A sequence of numeric, integer64, character or logical vectors, all of same length. For interactive use.
- cols
Only meaningful for lists, data.frames or data.tables. A character vector of column names (or numbers) of x.
- prefix
Either
NULL
(default) or a character vector of length=1 which is prefixed to the row ids, returning a character vector (instead of an integer vector).
Details
At times aggregation (or grouping) operations need to be performed where consecutive runs of identical values should belong to the same group (See rle
). The use for such a function has come up repeatedly on StackOverflow, see the See Also
section. This function allows to generate "run-length" groups directly.
rleid
is designed for interactive use and accepts a sequence of vectors as arguments. For programming, rleidv
might be more useful.
Value
When prefix = NULL
, an integer vector with same length as NROW(x)
, else a character vector with the value in prefix
prefixed to the ids obtained.
Examples
DT = data.table(grp=rep(c("A", "B", "C", "A", "B"), c(2,2,3,1,2)), value=1:10)
rleid(DT$grp) # get run-length ids
#> [1] 1 1 2 2 3 3 3 4 5 5
rleidv(DT, "grp") # same as above
#> [1] 1 1 2 2 3 3 3 4 5 5
rleid(DT$grp, prefix="grp") # prefix with 'grp'
#> [1] "grp1" "grp1" "grp2" "grp2" "grp3" "grp3" "grp3" "grp4" "grp5" "grp5"
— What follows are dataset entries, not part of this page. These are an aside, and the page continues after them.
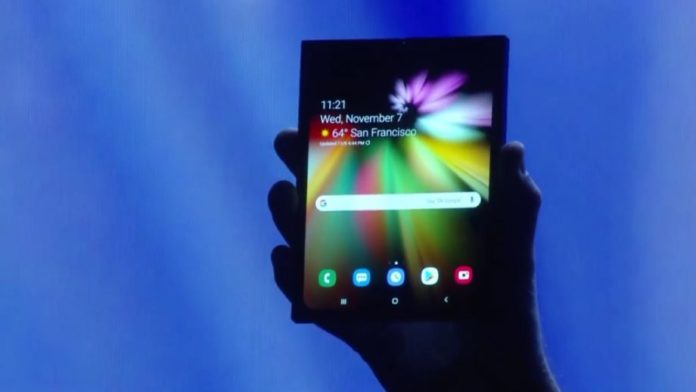 Lo smartphone pieghevole di Samsung costerà caro, ecco perché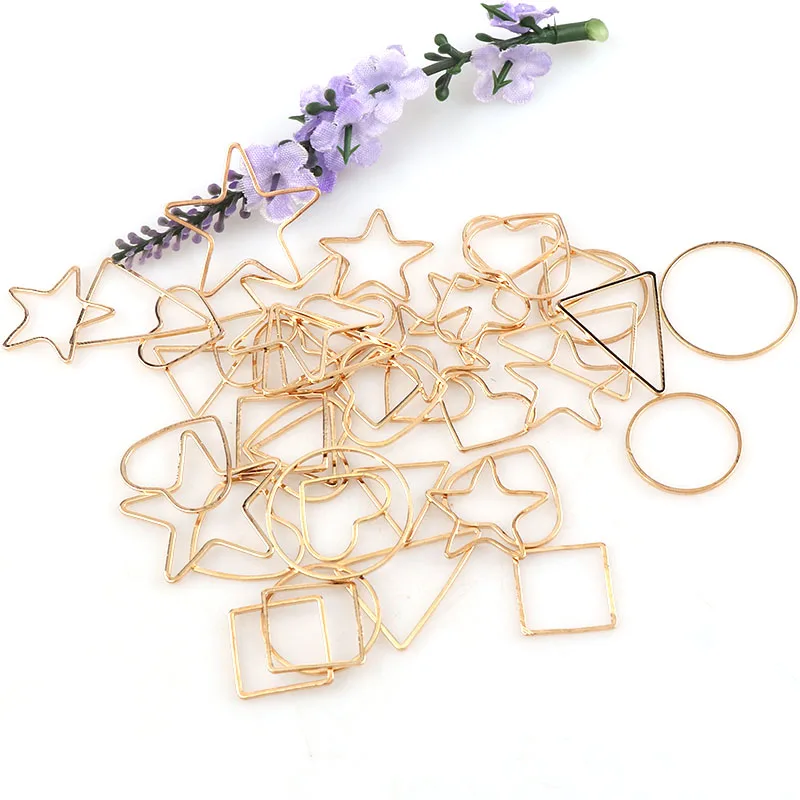 Vintage Mix Shape Antique Rose Gold Metal Hollow Frame Glue Blank Connector Charms Pendant DIY Jewelry Findings Accessories
Vintage Mix Shape Antique Rose Gold Metal Hollow Frame Glue Blank Connector Charms Pendant DIY Jewelry Findings Accessories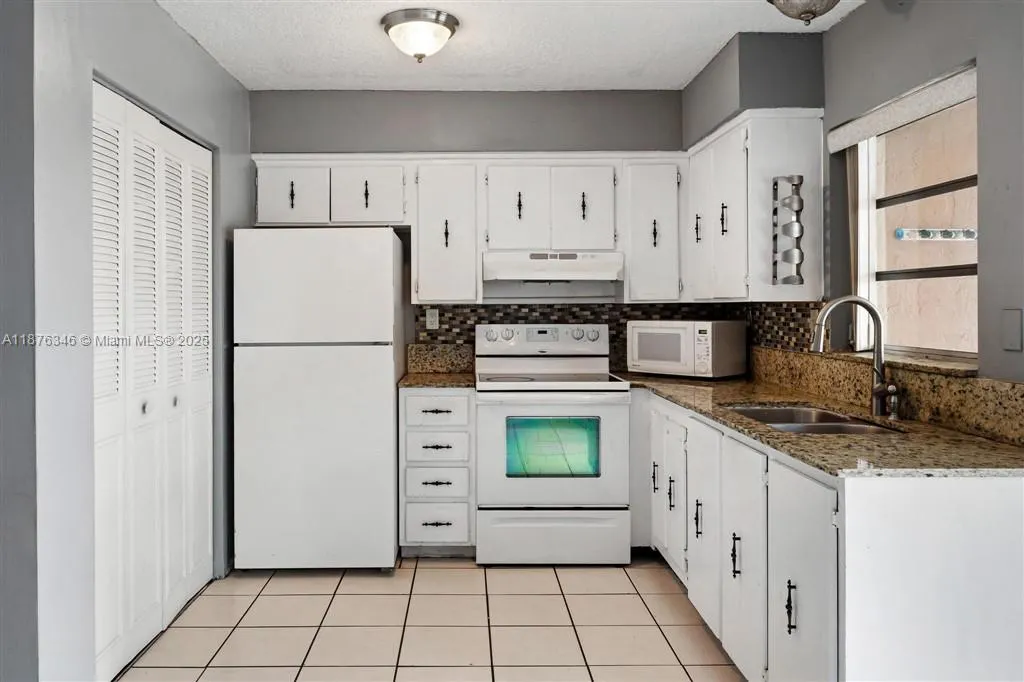 5710 NW 87th Ter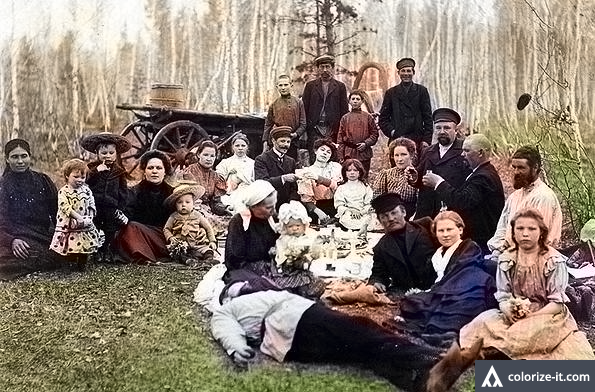 Пасхальные гуляния. Иркутск, 1900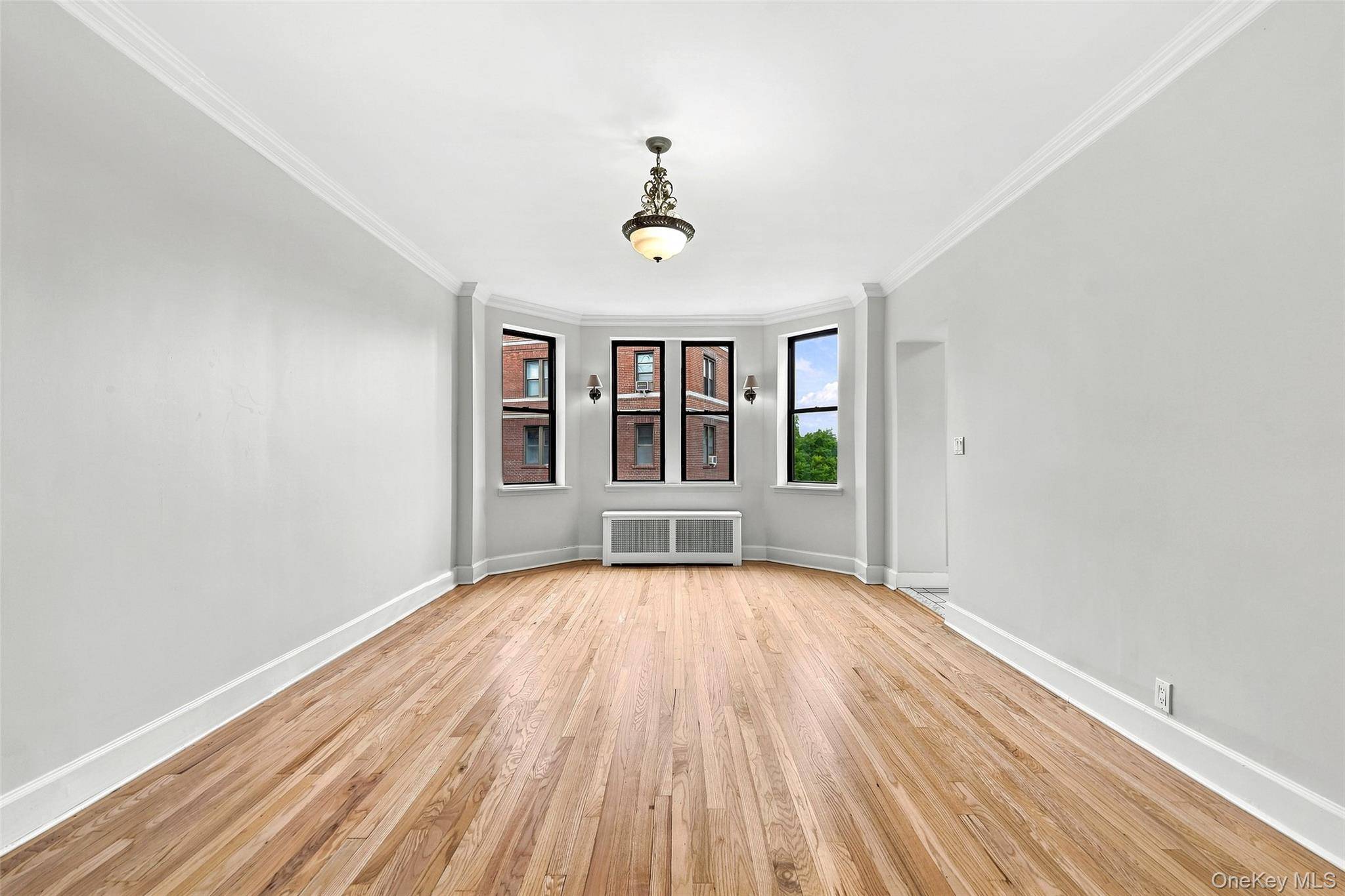 11 Alden RD #5L, Larchmont, NY 10538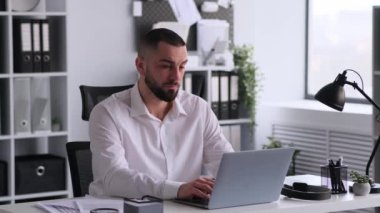 Ofiste dizüstü bilgisayarla çalışan yorgun iş adamı, masaj ve boyun germe, kas gerilimi. Aşırı yükleme, tükenme ve aşırı yükleme kavramı.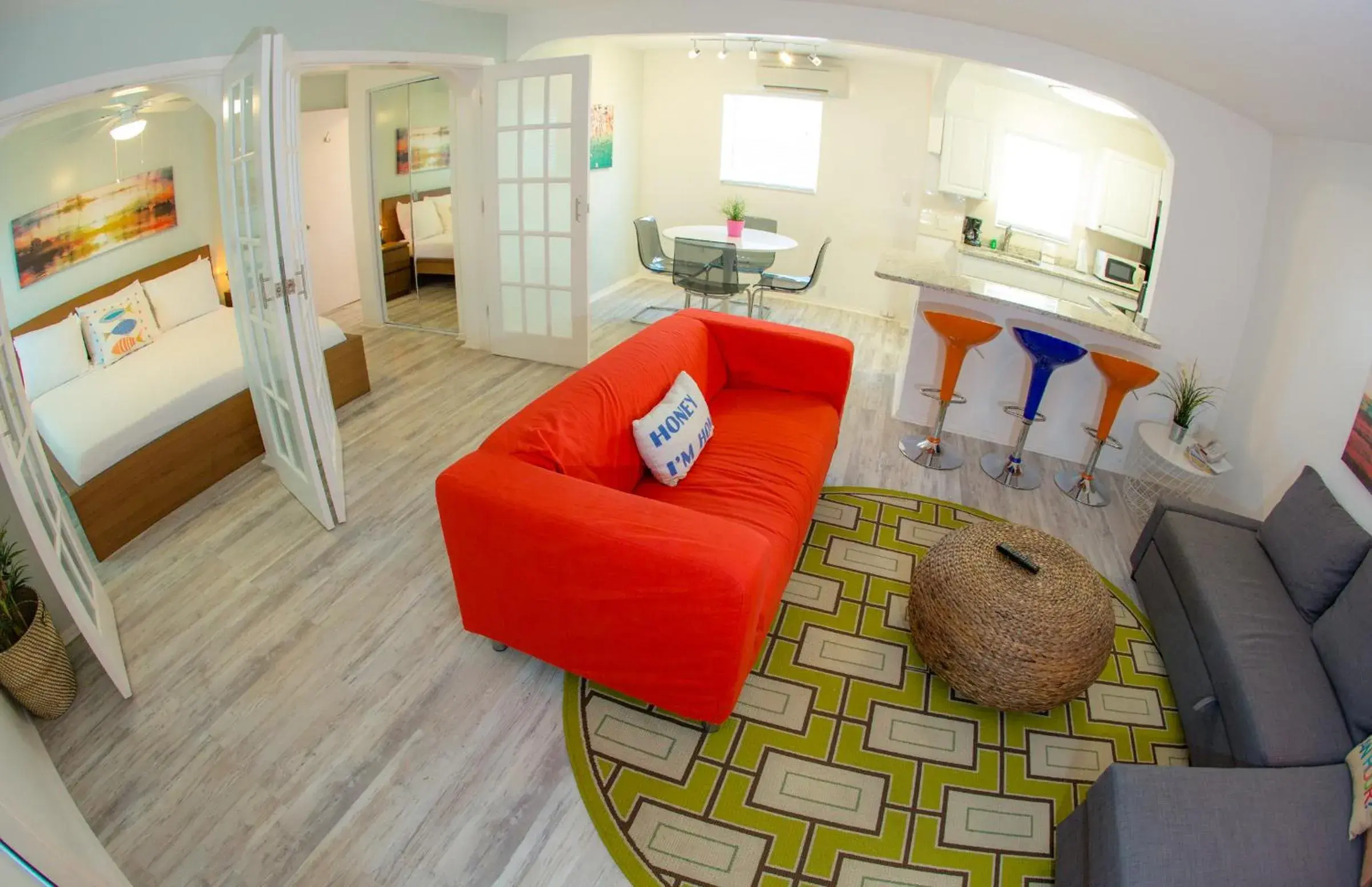 1 Bdrm Suite 1 King in St. Pete Beach Suites 1 Bdrm Suite 1 King in St. Pete Beach Suites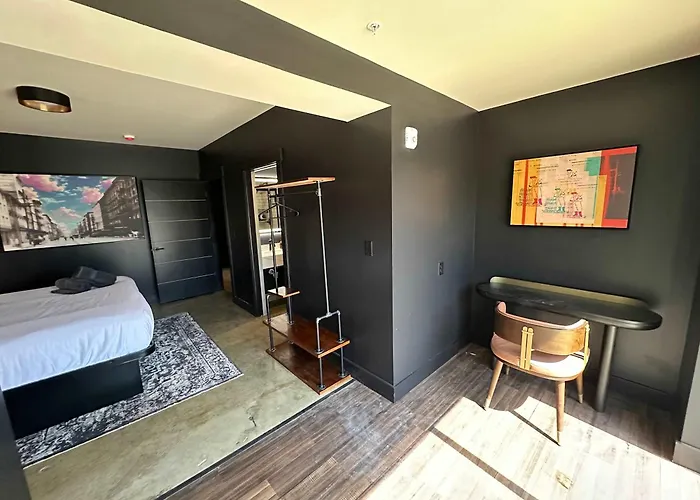 A12 Lower East Crown Exacta Suite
# get sum of value over run-length groups
DT[, sum(value), by=.(grp, rleid(grp))]
#> grp rleid V1
#> <char> <int> <int>
#> 1: A 1 3
#> 2: B 2 7
#> 3: C 3 18
#> 4: A 4 8
#> 5: B 5 19
DT[, sum(value), by=.(grp, rleid(grp, prefix="grp"))]
#> grp rleid V1
#> <char> <char> <int>
#> 1: A grp1 3
#> 2: B grp2 7
#> 3: C grp3 18
#> 4: A grp4 8
#> 5: B grp5 19